アフガニスタン大統領選挙:各地で多少の混乱
先日,アフガニスタンの政治状況や大統領選について書いた(参照)が,今日がその大統領選の期日である。
The Guardianの記事によれば,無視できない程度の混乱があったものの,なんとか実施されたようである。
人口3100万人のうち,1200万人が有権者だという。そんな大量の人々が全国7000か所での投票を行うことになったが,治安の理由から900か所の投票所は閉鎖されてしまったという。
ローガル州(Lowgar)では投票所での爆発があり,4名負傷。ファーリヤーブ州(Fāryāb)では爆弾犯らしき人物が逮捕。
このほか,あちこちの投票所で有権者が殺到して長蛇の列ができ,投票用紙が品切れになったり,投票時間の延長が行われたり,と混乱があった模様。
◆ ◆ ◆
そういえば,この選挙では誰が立候補しているのか,という話を書いていなかった。
カルザイ大統領はすでに2期務めているので,三選禁止の原則から立候補できない。
立候補者は27名いたが,そのうち11名が立候補を認められた。この11名の中からさらに脱落者が出ており,最終的には8名で争うことになった。
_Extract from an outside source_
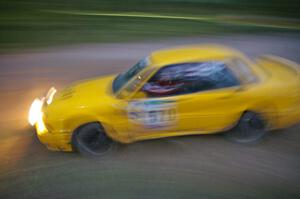 Erik Payeur / Adam Payeur at speed through a left-hander on SS16 in their Mitsubishi Galant.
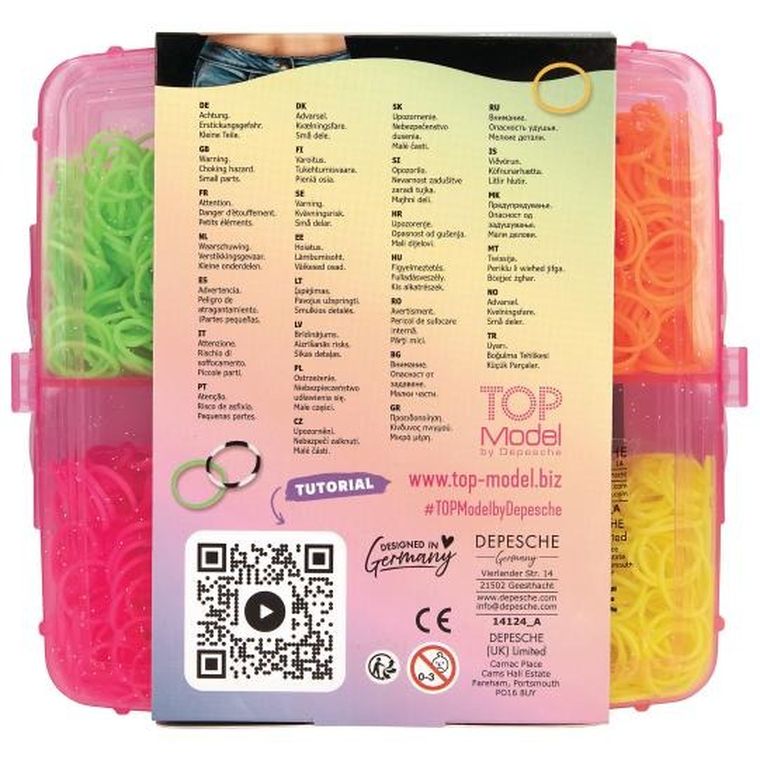 Top Model, set de elastice pentru confectionarea bratarilor, in cutie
その8名のうちで有力なのはアブドラ・アブドラ元外務大臣,アシュラフ・ガニ・アフマドザイ元財務大臣,ザルマイ・ラスール前外務大臣らである。
カルザイ大統領の兄,アブドゥルカイユーム・カルザイ氏も立候補していたが,ザルマイ・ラスール前外務大臣の支持を表明して撤退した。
ザルマイ・ラスール前外務大臣は,カルザイ大統領が暫定政府を率いていたときには安全保障担当の大統領顧問を務めていた。カルザイ大統領の外遊時には必ず随行していたということであり,カルザイ大統領の側近である。まあ要するに,カルザイ大統領としては兄の立候補を取り下げさせてでも,ザルマイ・ラスール前外務大臣に次の大統領をやってほしいわけである。
アブドラ・アブドラ元外務大臣は前回の大統領選挙でカルザイ大統領の有力対抗馬となった人物である。その時は,カルザイ大統領の得票率が49.6%だったのに対し,アブドラ・アブドラ元外務大臣は得票率30%だったので,かなり強い支持を得ている。
というように,候補者の略歴や人間関係などは調べればすぐにわかるのだが,それぞれの政策などは良くわからない。アフガニスタンの大統領選では,有権者は候補者の主義主張で選ぶのではなく,人脈や出身部族や支持母体で選んでいるのではないか,と邪推しているが,どうでしょう?
アフガニスタン大統領選では,どの候補も過半数の得票を得られなかった場合,上位2名での決選投票が行われる。